Schläger-Urteile bestätigt
Das Bundesgericht hat die Urteile zu den Beschwerden der sechs Neonazis online gestellt, die im Kanton Thurgau zwei Jugendliche massiv angegriffen und verletzt hatten. Das Obergericht des Kantons Thurgau hatte die Täter zu Zuchthausstrafen von bis zu sechseinhalb Jahren verurteilt, u.a. wegen versuchter vorsätzlicher Tötung. Näheres zum Sachverhalt findet sich in den Urteilen selbst, oder zusammengefasst in der NZZ
Interessant ist ein Auszug aus der Rüge eines Täters, der Anklagegrundsatz sei verletzt (6S.417/2006 vom 21.02.2007):
Im Übrigen sind die Rügen des Beschwerdeführers unbegründet. Die Anklageschrift schildert den Sachverhalt sehr eingehend. Sie wirft dem Beschwerdeführer und seinen Mittätern alle wesentlichen Tathandlungen hinreichend genau und detailliert vor. Ob darin eine versuchte schwere Körperverletzung oder gar Tötung zum Nachteil von B. zu sehen ist oder – wie vom Staatsanwalt in der Anklageschrift vertreten – eine einfache Körperverletzung und Unterlassung der Nothilfe sowie eventuell eine Gefährdung des Lebens und ein Angriff, ist eine rechtliche Würdigung, an welche das Obergericht nicht gebunden war.

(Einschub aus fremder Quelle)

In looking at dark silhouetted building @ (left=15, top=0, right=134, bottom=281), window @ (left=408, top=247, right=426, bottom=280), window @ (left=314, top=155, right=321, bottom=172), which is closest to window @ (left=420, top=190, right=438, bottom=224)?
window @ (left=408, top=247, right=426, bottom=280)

Der Beschwerdeführer macht nicht geltend, und es ist auch nicht ersichtlich, dass der Vorwurf der versuchten schweren Körperverletzung zum Nachteil von B. für ihn überraschend gekommen sei und das Obergericht seinen Anspruch auf rechtliches Gehör und seine Verteidigungsrechte verletzt habe. Angesichts der gleichzeitigen Anklage wegen versuchter Tötung zum Nachteilvon A. musste der Beschwerdeführer auch in Bezug auf das andere Opfer mit einer schwereren rechtlichen Qualifizierung der Tat rechnen, und er hatte jedenfalls im obergerichtlichen Verfahren Gelegenheit, zu diesem Vorwurf Stellung zu nehmen. Da die Anklage auch den für die subjektiven Kriterien des Tatbestandes der versuchten schweren Körperverletzung massgebenden Sachverhalt enthält (dazu angefochtenes Urteil, S. 28), verletzt der angefochtene Entscheid den Anklagegrundsatz und damit die verfassungsmässigen Rechte des Beschwerdeführers nicht. Die subjektiven Tatbestandselemente lassen sich in vorliegendem Fall allein aus den äusseren Tatumständen herleiten, weshalb es unter dem Gesichtspunkt des Anklagegrundsatzes nicht zu beanstanden ist, dass die Anklageschrift sich nicht ausdrücklich dazu äussert, was der Beschwerdeführer wollte und was er in Kauf nahm (E. 4.3).
Natürlich ist das Obergericht nicht an die rechtliche Würdigung der Anklage gebunden. Man wüsste ja aber als Beschuldigter oder Verteidiger schon gern auch, gegen welche rechtliche Würdigung man sich denn verteidigen soll. Bemerkenswert erscheint auch die Feststellung des Bundesgerichts, die subjektiven Tatbestandselemente liessen sich allein aus den äusseren Tatumständen herleiten.